** PROBLEM STATEMENT **
Would you repeat word for word the lines of the listing that follows, from the one with "Weiße 16 cm" up to and including the one with "Чехол-накладка для Samsung", and leave out the images?

** THE RECORDS **
[Start of Attachment]

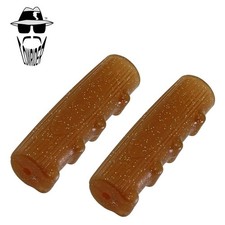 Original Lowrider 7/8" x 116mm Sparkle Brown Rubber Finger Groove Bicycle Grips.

[End of Attachment]
[Start of Attachment]

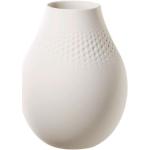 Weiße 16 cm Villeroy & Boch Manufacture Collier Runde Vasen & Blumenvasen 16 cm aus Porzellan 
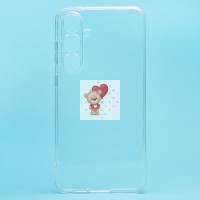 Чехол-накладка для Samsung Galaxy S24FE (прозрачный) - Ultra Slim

[End of Attachment]

** FINISHED TASK **
 Weiße 16 cm Villeroy & Boch Manufacture Collier Runde Vasen & Blumenvasen 16 cm aus Porzellan 
 Чехол-накладка для Samsung Galaxy S24FE (прозрачный) - Ultra Slim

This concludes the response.